Friday, 26, April, 2024

The Presidents of Uzbekistan and Russia, Shavkat Mirziyoyev and Vladimir Putin on Wednesday visited the exhibition - Treasures of Nukus held at the State Museum of Fine Arts named after Pushkin,  the press service of the Kremlin reported.

The exhibition features over 250 paintings and works of graphics, as well as items of archeology, decorative and applied art from the collection of one of the largest museums in Uzbekistan - the State Museum of Arts of the Republic of Karakalpakstan named after Savitsky. The exhibition will last until May 10.

The Karakalpakstan Museum of Arts was opened in 1966 in Nukus on the initiative of the collector of Russian avant-garde paintings in Central Asia, Igor Savitsky. In 1950, Savitsky moved from Moscow to Nukus, where, until his death in July 1984, he conducted archaeological research and simultaneously collected works of Russian avant-garde, sculpture and folk-applied art.

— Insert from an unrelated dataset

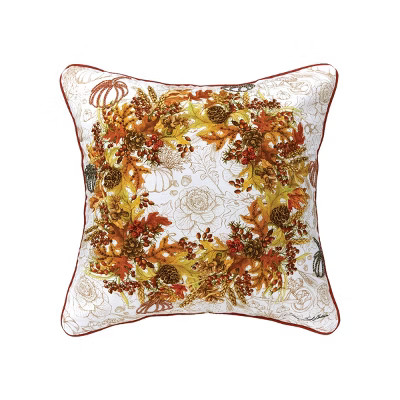 C&F Home Autumn Wreath Thanksgiving Printed and Embroidered Throw Pillow, 18" x 18" | Target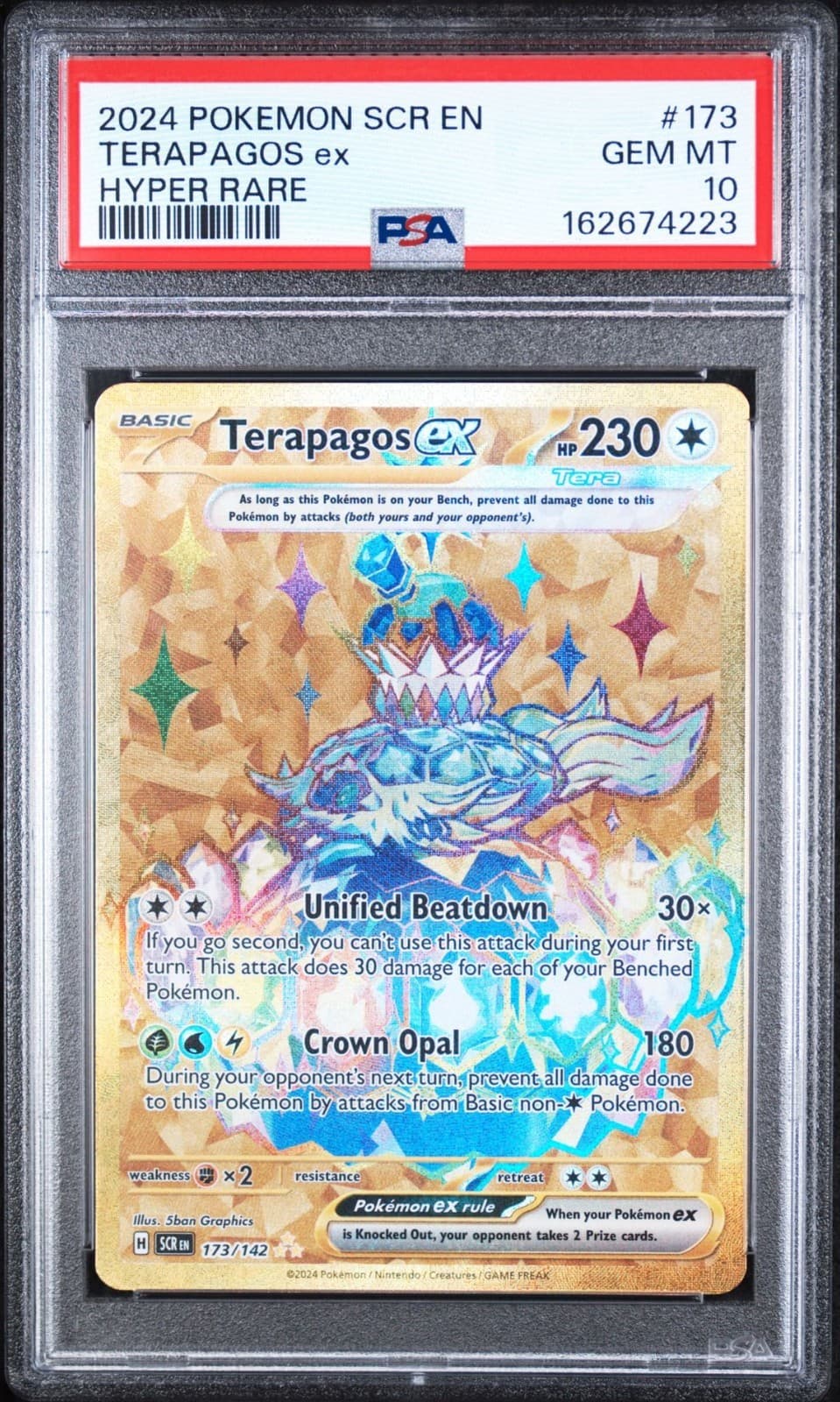 Pokemon - PSA 10 Gem Mint - Terapagos EX #173 (Hyper Rare) - Stellar Crown EN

According to experts, the Savitsky Museum’s collection is the second in the world of Russian avant-garde works after the Russian Museum in St. Petersburg. For 30 years Savitsky had collected and saved more than 44 thousand paintings and works of graphics, among which the works of such outstanding avant-gardists as Robert Falk, Lyubov Popova, Ivan Kudryashov, Kliment Redko, Alexander Volkov, Aleksandr Nikolaev and others.